Patchwork 001Getting my wife into any type of gaming requires somewhat of a minor miracle. If there is anything like aliens or dragons or superheroes it is normally deemed to be far too far-fetched. Video games tend to be frowned upon, most analogue games are too cumbersome, awkward or confusing. Gaming just isn’t in her genetic makeup. There are exceptions to this rule – Crash Bandicoot, Alchemists, Drinking Games (she does nothing for the Celtic stereotype) but in the main the whiny phrase “do we have to?” is often muttered when gaming is suggested.

Then Patchwork arrived.

Patchwork is a fairly light and easy to pick up two player sewing battle. A battle of quilting with oddly shaped pieces of patchwork which are sewn into a growing 9×9 square quilt. Patchwork is quick to learn, feels very much like Tetris for the video game/ table top gaming straddlers, takes around 30 minutes start to finish and, for something so simple, incredibly tactical.

As time progresses within  the game through the playing of patchwork pieces, players earn buttons, which allows them to purchase additional patchwork pieces which then take additional in-game time to sew onto your quilt but with the reward of more buttons.

Buttons are currency and they are needed to purchase your quilt pieces.

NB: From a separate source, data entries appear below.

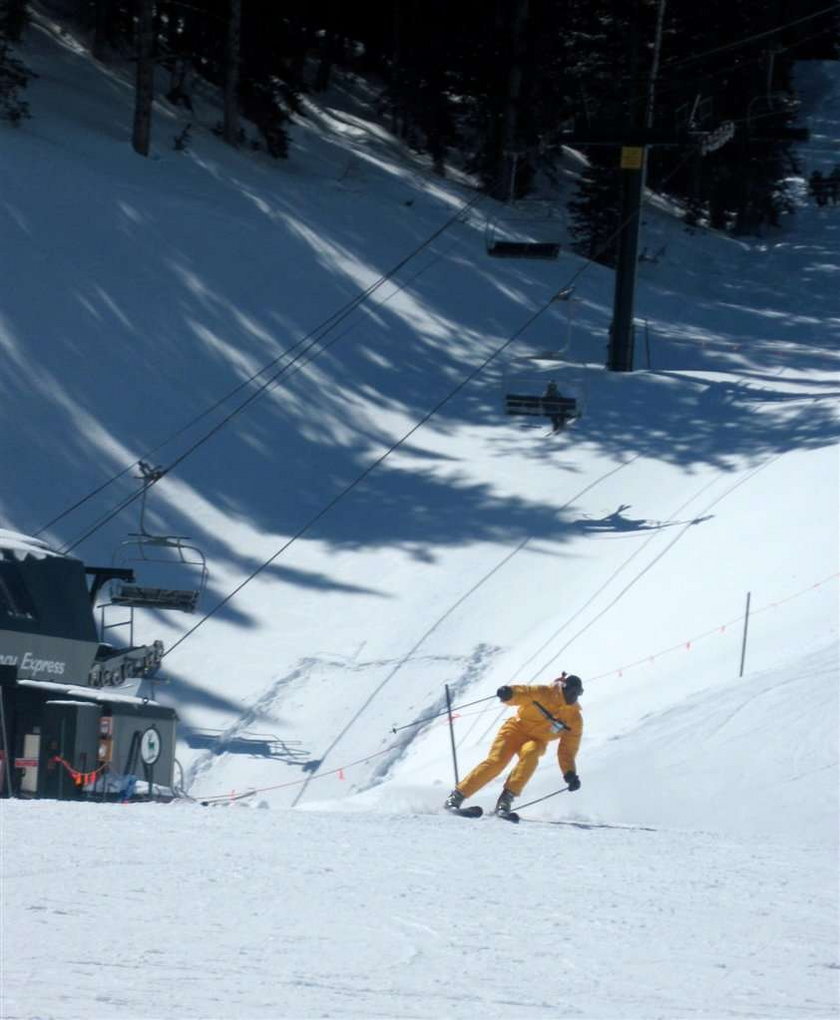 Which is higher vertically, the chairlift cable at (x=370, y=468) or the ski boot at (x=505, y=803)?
the ski boot at (x=505, y=803)

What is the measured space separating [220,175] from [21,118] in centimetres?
417

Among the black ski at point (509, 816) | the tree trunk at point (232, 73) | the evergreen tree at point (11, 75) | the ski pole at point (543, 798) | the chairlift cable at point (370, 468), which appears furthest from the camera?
the tree trunk at point (232, 73)

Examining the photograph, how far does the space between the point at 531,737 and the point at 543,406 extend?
557 inches

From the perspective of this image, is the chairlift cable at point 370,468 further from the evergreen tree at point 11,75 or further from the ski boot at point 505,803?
the evergreen tree at point 11,75

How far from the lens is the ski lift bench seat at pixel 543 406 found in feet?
79.3

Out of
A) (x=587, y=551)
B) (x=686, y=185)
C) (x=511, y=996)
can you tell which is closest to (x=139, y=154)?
(x=587, y=551)

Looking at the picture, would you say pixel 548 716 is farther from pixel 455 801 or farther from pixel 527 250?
pixel 527 250

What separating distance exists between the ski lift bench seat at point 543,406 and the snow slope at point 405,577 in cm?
32

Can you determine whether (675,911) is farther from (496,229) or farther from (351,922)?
(496,229)

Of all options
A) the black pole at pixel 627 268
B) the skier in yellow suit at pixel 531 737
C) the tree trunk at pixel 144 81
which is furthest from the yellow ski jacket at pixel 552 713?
the tree trunk at pixel 144 81

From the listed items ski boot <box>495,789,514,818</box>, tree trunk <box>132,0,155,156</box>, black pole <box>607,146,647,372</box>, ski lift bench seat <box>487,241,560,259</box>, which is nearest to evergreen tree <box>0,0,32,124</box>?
tree trunk <box>132,0,155,156</box>

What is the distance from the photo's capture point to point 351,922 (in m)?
6.43

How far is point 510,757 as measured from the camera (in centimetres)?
1052

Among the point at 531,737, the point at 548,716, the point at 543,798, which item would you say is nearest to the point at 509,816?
the point at 531,737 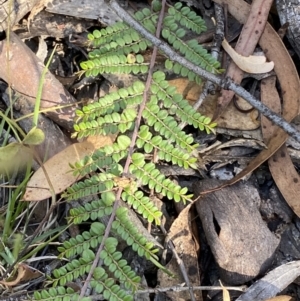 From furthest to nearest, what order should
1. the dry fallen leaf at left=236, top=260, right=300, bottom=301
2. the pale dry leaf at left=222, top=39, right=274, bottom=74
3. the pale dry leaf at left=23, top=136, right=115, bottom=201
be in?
the pale dry leaf at left=222, top=39, right=274, bottom=74
the pale dry leaf at left=23, top=136, right=115, bottom=201
the dry fallen leaf at left=236, top=260, right=300, bottom=301

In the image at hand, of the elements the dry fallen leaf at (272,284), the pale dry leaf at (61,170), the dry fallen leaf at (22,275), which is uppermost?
the pale dry leaf at (61,170)

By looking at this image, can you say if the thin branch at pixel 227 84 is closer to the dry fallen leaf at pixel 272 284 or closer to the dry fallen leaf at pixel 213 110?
the dry fallen leaf at pixel 213 110

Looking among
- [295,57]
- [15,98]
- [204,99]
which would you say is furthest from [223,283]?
[15,98]

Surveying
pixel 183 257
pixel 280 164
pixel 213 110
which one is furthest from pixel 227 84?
pixel 183 257

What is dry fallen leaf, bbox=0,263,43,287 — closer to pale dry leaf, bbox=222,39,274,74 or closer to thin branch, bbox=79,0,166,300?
thin branch, bbox=79,0,166,300

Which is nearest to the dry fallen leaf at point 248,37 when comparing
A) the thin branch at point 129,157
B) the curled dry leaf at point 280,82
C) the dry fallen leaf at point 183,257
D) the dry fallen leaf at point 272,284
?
the curled dry leaf at point 280,82

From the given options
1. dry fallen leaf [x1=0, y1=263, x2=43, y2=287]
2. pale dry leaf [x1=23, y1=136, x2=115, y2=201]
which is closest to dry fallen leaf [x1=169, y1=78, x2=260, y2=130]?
pale dry leaf [x1=23, y1=136, x2=115, y2=201] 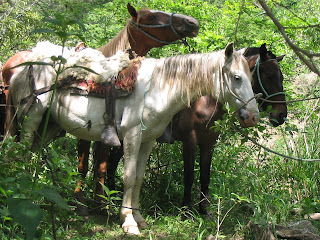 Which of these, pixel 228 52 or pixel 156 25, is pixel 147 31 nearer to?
pixel 156 25

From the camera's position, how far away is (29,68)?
14.9 feet

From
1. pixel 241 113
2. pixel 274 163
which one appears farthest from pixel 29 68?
pixel 274 163

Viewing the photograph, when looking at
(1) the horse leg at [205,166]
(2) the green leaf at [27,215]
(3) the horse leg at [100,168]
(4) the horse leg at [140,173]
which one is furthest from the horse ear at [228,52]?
(2) the green leaf at [27,215]

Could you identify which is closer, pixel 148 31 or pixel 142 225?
pixel 142 225

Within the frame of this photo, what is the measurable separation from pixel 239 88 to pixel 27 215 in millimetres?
2760

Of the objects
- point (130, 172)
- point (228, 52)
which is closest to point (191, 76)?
point (228, 52)

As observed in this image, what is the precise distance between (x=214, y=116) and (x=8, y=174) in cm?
241

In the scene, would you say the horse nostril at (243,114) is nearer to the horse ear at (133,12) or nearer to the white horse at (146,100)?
the white horse at (146,100)

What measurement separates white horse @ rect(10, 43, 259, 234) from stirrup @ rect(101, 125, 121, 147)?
8 cm

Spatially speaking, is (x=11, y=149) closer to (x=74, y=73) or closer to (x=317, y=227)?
(x=74, y=73)

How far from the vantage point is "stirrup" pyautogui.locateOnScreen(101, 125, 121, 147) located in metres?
4.26

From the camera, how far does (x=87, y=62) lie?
15.0ft

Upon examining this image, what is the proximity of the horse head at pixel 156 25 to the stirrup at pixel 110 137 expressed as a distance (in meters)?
1.45

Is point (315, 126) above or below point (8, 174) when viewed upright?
above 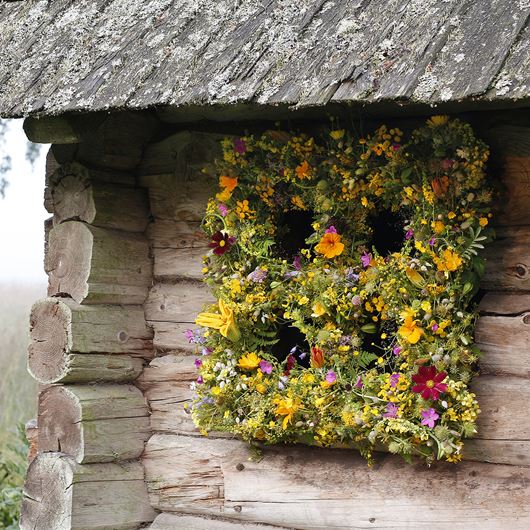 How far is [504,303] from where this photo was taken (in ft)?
12.5

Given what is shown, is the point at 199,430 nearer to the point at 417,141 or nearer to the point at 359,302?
the point at 359,302

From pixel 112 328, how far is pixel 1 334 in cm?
552

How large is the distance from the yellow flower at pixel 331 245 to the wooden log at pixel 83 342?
3.60 feet

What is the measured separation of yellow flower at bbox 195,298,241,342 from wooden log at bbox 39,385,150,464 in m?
0.65

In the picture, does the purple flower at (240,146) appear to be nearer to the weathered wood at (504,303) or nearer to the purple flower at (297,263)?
the purple flower at (297,263)

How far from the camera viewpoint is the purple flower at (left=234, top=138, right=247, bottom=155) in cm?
427

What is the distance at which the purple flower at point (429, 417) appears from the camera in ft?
12.1

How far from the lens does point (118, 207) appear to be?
4.67m

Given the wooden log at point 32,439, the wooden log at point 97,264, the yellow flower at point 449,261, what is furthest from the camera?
the wooden log at point 32,439

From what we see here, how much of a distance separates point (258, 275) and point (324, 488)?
0.87m

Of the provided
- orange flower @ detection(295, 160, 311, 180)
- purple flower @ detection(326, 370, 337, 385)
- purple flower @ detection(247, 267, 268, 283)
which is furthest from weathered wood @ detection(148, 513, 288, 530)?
orange flower @ detection(295, 160, 311, 180)

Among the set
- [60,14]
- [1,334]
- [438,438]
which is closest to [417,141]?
[438,438]

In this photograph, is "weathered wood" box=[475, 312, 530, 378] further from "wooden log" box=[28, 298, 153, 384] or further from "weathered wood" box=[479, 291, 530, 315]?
"wooden log" box=[28, 298, 153, 384]

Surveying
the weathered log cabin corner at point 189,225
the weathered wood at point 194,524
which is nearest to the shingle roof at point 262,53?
the weathered log cabin corner at point 189,225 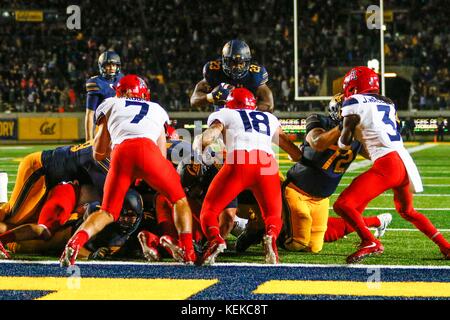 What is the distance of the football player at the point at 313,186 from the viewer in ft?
19.7

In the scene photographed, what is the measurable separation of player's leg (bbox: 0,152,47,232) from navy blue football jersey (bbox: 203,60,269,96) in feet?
7.19

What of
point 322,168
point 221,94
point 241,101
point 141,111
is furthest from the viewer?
point 221,94

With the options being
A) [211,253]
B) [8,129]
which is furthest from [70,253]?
[8,129]

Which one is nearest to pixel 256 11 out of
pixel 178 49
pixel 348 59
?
pixel 178 49

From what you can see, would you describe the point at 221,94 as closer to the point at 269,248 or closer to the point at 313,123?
the point at 313,123

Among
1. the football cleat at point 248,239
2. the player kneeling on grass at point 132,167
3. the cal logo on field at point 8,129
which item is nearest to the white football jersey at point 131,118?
the player kneeling on grass at point 132,167

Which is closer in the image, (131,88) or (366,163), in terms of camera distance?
(131,88)

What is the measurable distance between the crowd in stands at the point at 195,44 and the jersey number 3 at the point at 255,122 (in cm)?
1653

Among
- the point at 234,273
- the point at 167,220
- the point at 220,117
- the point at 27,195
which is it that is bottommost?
the point at 234,273

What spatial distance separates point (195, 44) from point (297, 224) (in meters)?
20.7

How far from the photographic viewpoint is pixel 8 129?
2328 centimetres

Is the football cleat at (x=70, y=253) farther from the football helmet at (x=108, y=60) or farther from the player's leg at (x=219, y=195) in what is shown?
the football helmet at (x=108, y=60)

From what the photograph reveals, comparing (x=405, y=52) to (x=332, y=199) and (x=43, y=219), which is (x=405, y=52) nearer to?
(x=332, y=199)

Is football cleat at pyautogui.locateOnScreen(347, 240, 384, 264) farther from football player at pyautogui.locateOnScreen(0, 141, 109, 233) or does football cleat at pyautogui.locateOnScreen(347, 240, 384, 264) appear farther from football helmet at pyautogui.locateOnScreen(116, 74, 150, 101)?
football player at pyautogui.locateOnScreen(0, 141, 109, 233) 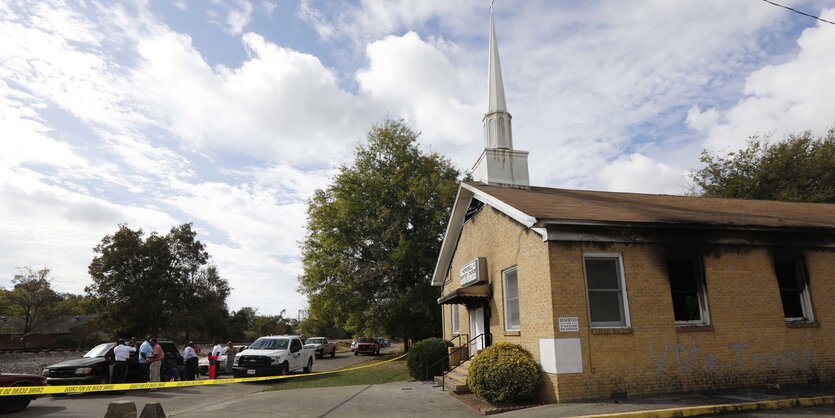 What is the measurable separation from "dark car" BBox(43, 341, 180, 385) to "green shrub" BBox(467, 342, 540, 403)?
39.1ft

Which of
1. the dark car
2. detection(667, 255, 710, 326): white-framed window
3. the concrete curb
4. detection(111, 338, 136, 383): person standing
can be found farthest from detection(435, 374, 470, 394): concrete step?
the dark car

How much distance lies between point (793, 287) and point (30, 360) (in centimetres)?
3518

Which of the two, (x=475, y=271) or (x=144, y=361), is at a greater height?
(x=475, y=271)

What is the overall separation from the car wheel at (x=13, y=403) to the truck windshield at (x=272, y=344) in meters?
9.61

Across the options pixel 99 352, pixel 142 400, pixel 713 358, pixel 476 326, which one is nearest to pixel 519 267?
pixel 713 358

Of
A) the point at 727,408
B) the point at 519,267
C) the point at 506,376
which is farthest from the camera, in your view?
the point at 519,267

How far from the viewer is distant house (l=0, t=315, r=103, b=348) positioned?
43531mm

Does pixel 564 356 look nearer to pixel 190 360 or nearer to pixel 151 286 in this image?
pixel 190 360

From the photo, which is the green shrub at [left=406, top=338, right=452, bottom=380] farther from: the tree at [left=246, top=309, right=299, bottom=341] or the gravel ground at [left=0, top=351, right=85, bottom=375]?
the tree at [left=246, top=309, right=299, bottom=341]

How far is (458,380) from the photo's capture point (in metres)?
13.7

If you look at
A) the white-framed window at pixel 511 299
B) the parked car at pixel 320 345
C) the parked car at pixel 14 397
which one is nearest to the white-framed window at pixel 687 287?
the white-framed window at pixel 511 299

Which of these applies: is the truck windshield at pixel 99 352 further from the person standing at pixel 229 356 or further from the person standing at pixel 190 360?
the person standing at pixel 229 356

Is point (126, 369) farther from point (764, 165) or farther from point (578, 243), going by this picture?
point (764, 165)

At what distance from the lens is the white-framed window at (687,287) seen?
11.6 meters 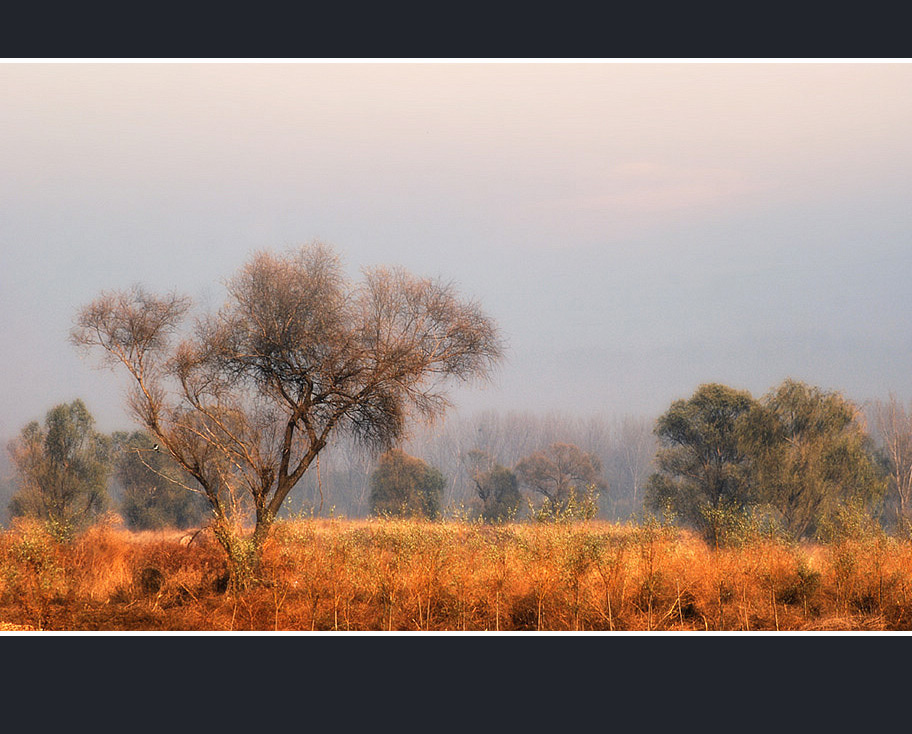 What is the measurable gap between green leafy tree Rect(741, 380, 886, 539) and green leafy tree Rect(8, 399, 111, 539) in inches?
678

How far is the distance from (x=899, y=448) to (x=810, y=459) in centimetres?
785

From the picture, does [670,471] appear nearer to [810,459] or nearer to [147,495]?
[810,459]

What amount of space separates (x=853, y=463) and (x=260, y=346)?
1415 centimetres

The larger pieces cost more buttons but are much more desirable then the cheaper options. Buttons are also victory points so we end up with an interesting situation where you need buttons to buy patches and win more buttons but you also need the same buttons to win. This is before we even think about the third factor of Patchwork – Time.

Time, like real life, is limited. Each time a new patch piece is purchased time will progress, never to be reclaimed; if time runs out then the game is over. That means that every time you purchase a new piece of quilt you have to establish how well it will aid you in the pursuit of buttons and if it improves your stash of buttons enough to be worth the time spent on using it.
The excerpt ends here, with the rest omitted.